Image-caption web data
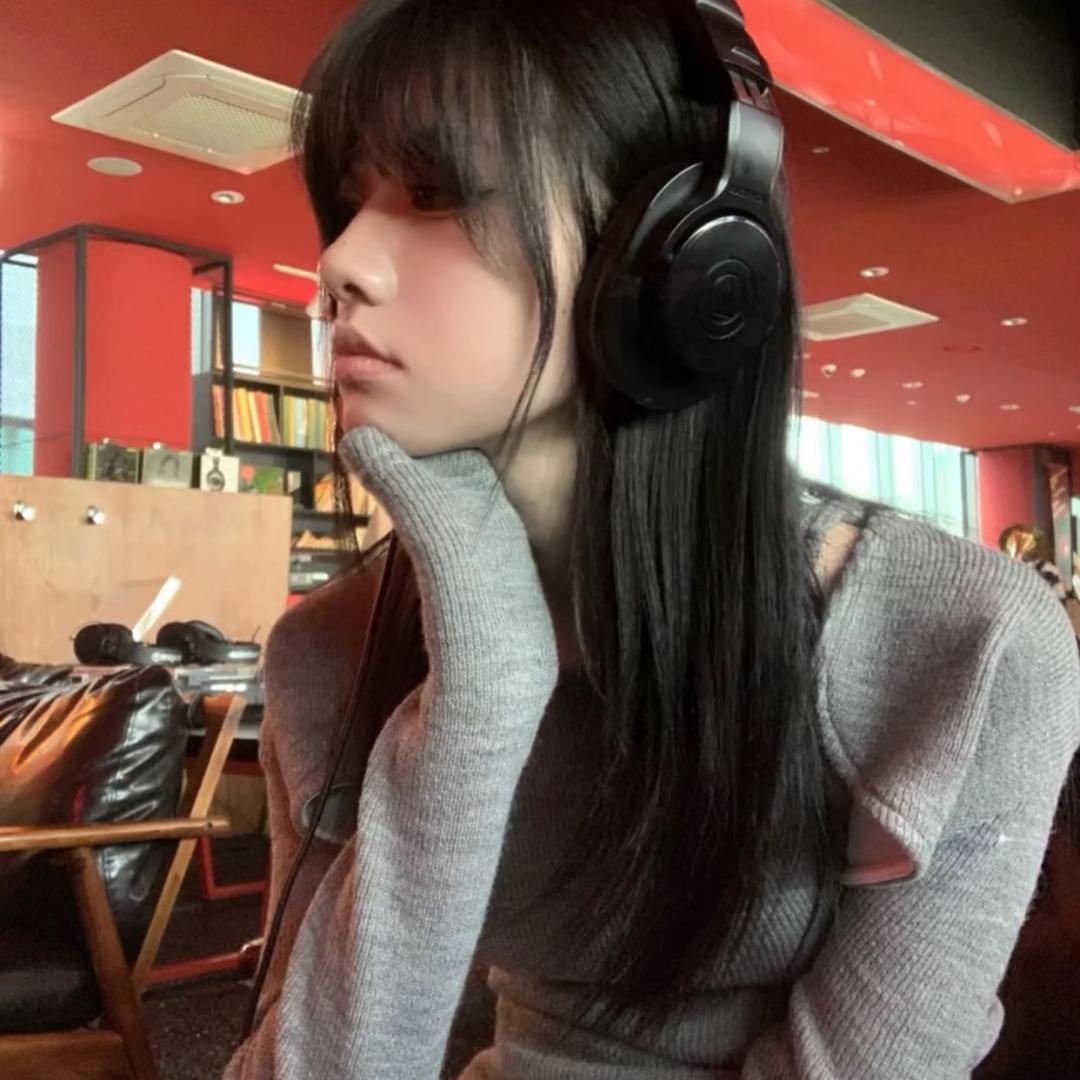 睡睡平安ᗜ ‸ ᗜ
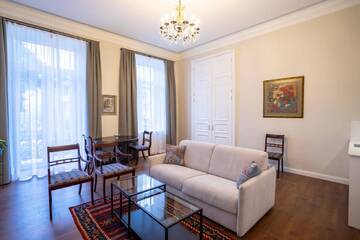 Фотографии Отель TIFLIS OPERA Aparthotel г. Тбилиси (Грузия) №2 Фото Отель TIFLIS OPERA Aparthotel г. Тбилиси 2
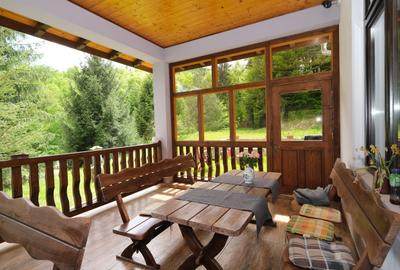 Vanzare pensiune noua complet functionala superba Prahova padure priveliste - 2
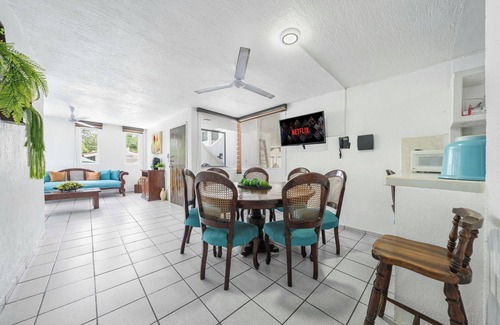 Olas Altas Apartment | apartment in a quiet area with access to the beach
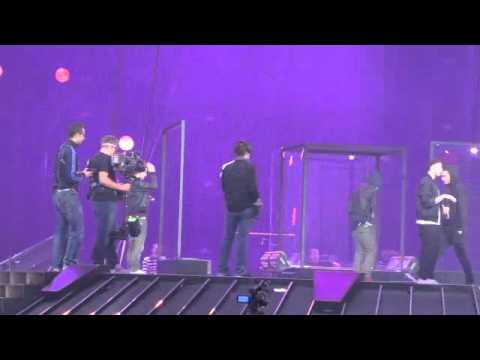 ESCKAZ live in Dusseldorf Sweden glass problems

- Aim of the task
Copy every record exactly, dropping the images.

- Your response
 睡睡平安ᗜ ‸ ᗜ
 Фотографии Отель TIFLIS OPERA Aparthotel г. Тбилиси (Грузия) №2 Фото Отель TIFLIS OPERA Aparthotel г. Тбилиси 2
 Vanzare pensiune noua complet functionala superba Prahova padure priveliste - 2
 Olas Altas Apartment | apartment in a quiet area with access to the beach
 ESCKAZ live in Dusseldorf Sweden glass problems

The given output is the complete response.